They Will Have To Kill Us First is a doc with almost too many good subjects
A stirring yet overstuffed documentary on musicians in exile, They Will Have To Kill Us First opens with a rundown of what happened in northern Mali in 2012—and refreshingly, it’s delivered in the form of a propulsive rap. That year, the National Movement For The Liberation Of Azawad (MNLA), a group fighting for the cause of the Tuareg ethnic minority, joined forces with jihadis to further its separatist ends; together, they repelled government forces—and took advantage of a destabilizing coup d’état—to declare independence in the Saharan north of that West African nation.

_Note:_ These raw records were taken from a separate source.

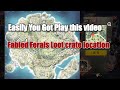 Where is S25  New Elite Pass FABLED Ferals Loot crate location  | GERENA FREE FIRE  | HEROES GAMERZ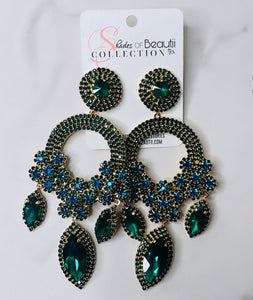 Celine Glam Earrings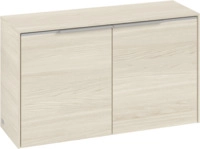 Villeroy & Boch Sideboard Subway 3.0 C60000 728x423x256mm 2 T&uuml;ren White Oak...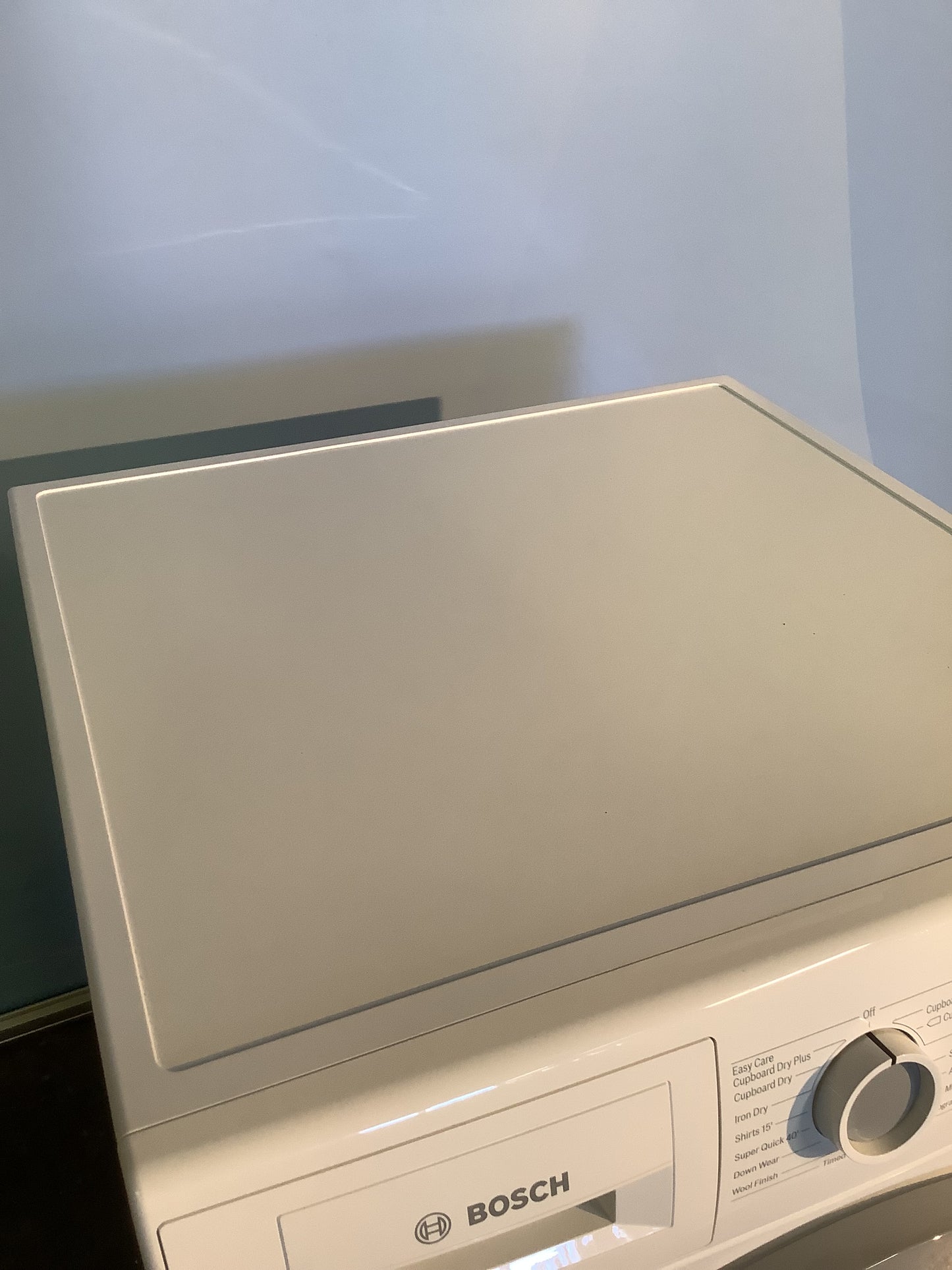 Bosch 7kg Tumble Dryer WTN85201GB L48764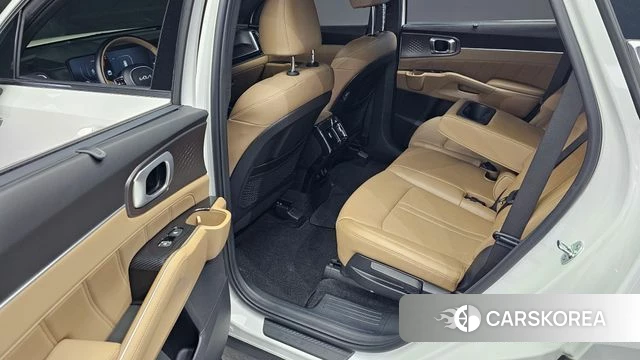 Kia The New Sorento 4th Generation 2024 Белый из Кореи, фото 3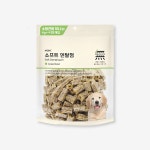 무마진 소프트 덴탈껌 미니 그린푸드 220g, 강아지 치석제거 구강관리 개껌 : 개밥도둑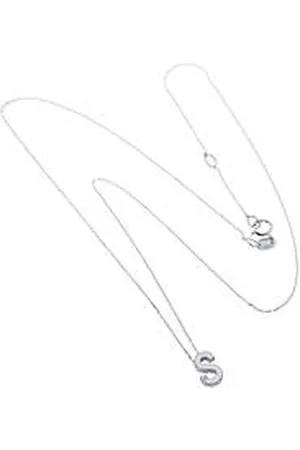 Bliss Collana Donna Gioiello Joy Letter Lettera S 20090552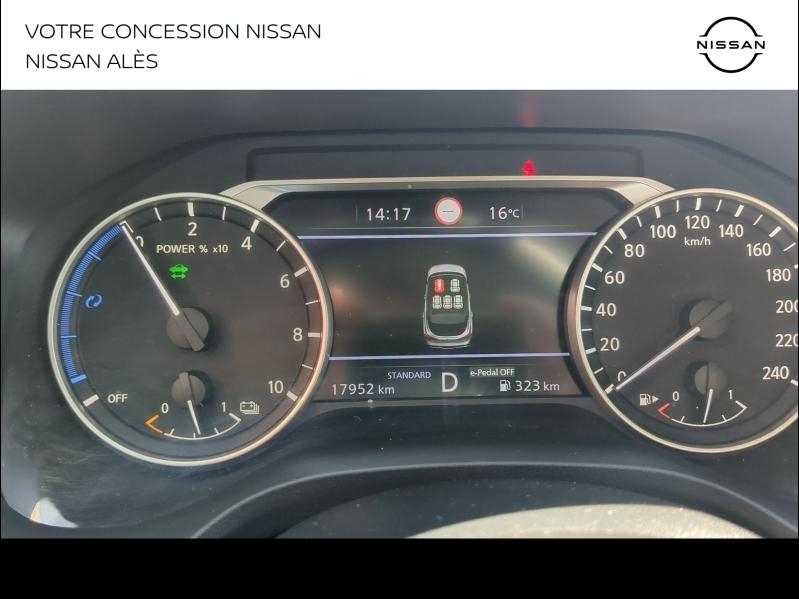 Photo 18 de l’annonce de NISSAN Qashqai d’occasion à vendre à ALÈS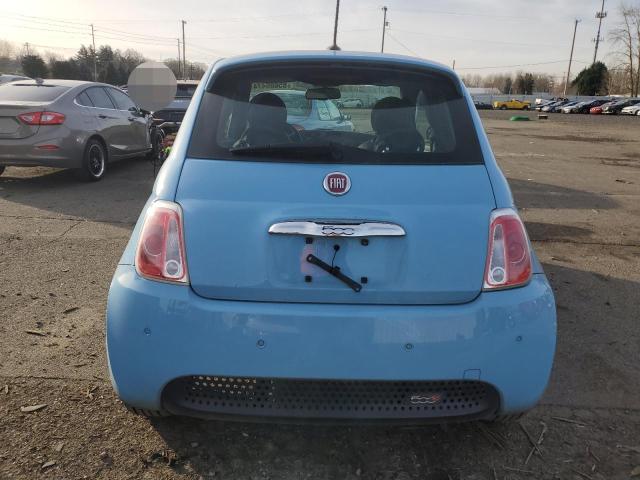 2015 FIAT 500 ELECTR 3C3CFFGE4FT603419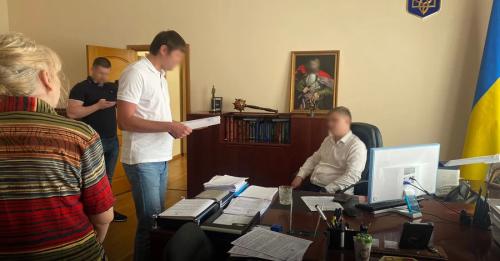 Голову Державної судової адміністрації відсторонили від посади - INFBusiness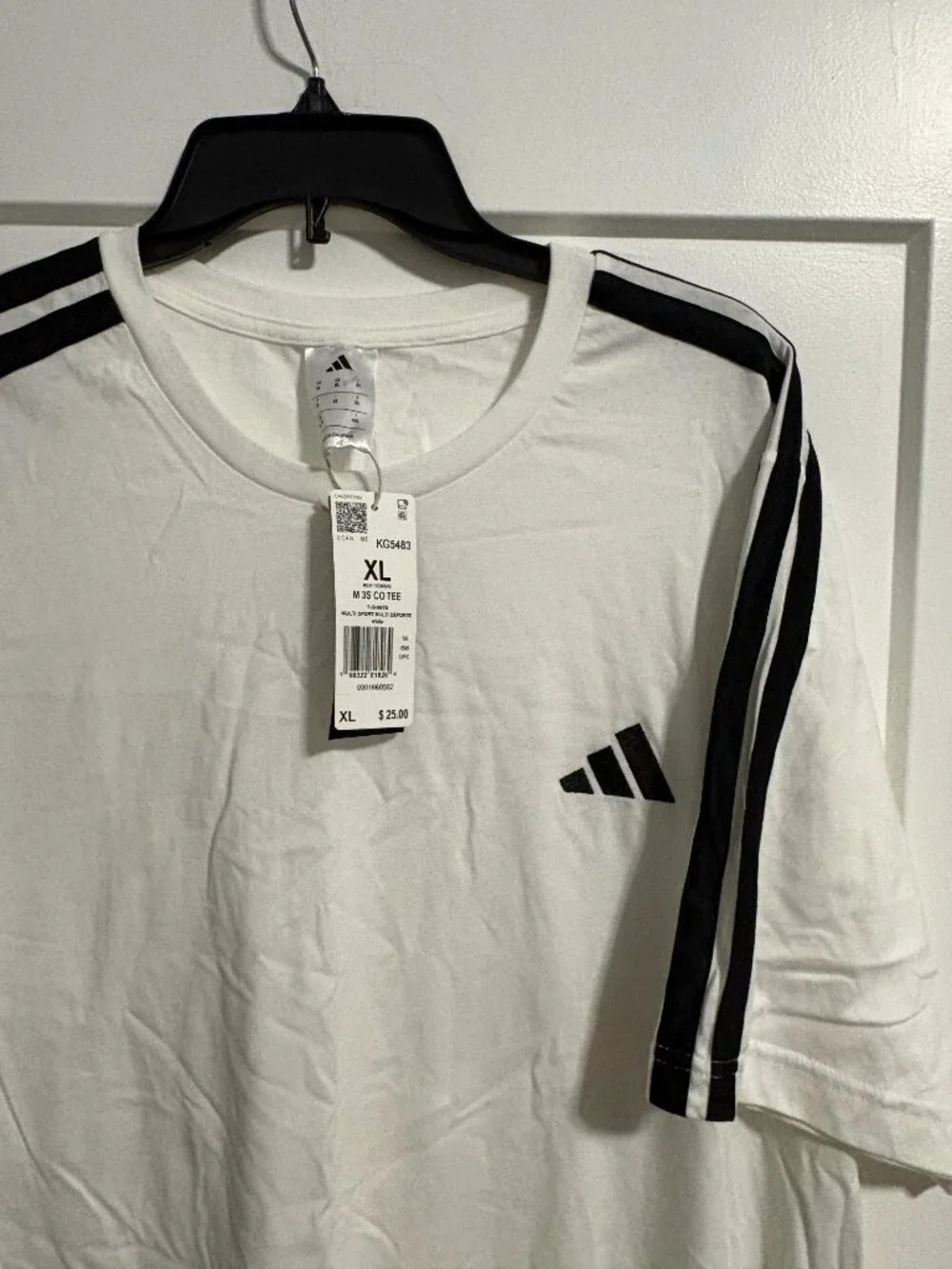 adidas comment questions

Infighting between the MNLA and the Islamic extremists followed, ultimately allowing the latter to impose sharia law over a large swath of land encompassing the cities of Gao and Timbuktu. There, among a raft of other prohibitions, a ban on music took effect. A woman might well get 40 lashes just for singing, as does a character in last year’s Timbuktu, Abderrahmane Sissako’s superb drama about life under this very same fundamentalist rule.
Throughout They Will Have To Kill Us First, her debut feature, filmmaker Johanna Schwartz breaks down all this complex unrest without getting bogged down in explainer mode (or shying away from graphic footage). But the U.K.-based Schwartz above all turns out to be a deft portraitist—one who unfortunately gives herself a few too many characters to study. First tells the stories of no fewer than seven northern-Malian musicians who sought refuge in the south rather than be silenced altogether by the jihadis. Four relatively upbeat young men from Timbuktu have reconvened in the Malian capital of Bamako to form a guitar-based outfit called Songhoy Blues; Khaira Arby, a famous female vocalist, has also left Timbuktu for what appears to be a lonely existence in that same southern city. Meanwhile, an appealingly irrepressible singer known as Disco (a Madonna fan who’s been called that since high school) and a laconic guitarist named Moussa Sidi (a man from Gao whose wife has been imprisoned by that city’s new powers-that-be) bide their time at a refugee camp in the neighboring country of Burkina Faso.
In a stunner of a sequence early in the doc, Schwartz and cinematographer Karelle Walker capture the members of Songhoy Blues alongside the Niger at dusk, silhouetted against the dimming sky as they work out a beautifully circular song entreating those who’ve left Mali to return to repair the country. But not long thereafter these guys are traveling abroad themselves, if only for a brief spell. On a visit to Mali, Brian Eno and Yeah Yeah Yeahs guitarist Nick Zinner (both seen very briefly here) pay notice to Songhoy, and the band winds up jetting to England to sign a record deal and play a few victory-lap festival gigs. By this point, Khaira is courageously planning a concert of her own: a homecoming show in Timbuktu, which by early 2013 is unstable but no longer under the control of Islamic militants. When it comes time for that extraordinary occasion, though, the filmmaker is too busy wrapping everything up to linger and actually listen, just as she awkwardly cuts around the performances at an earlier event for Tuareg musicians at the Burkina Faso camp. Early in First, Khaira compares music to oxygen. The film might’ve felt a little more enlightening if all the songs had room to breathe in turn.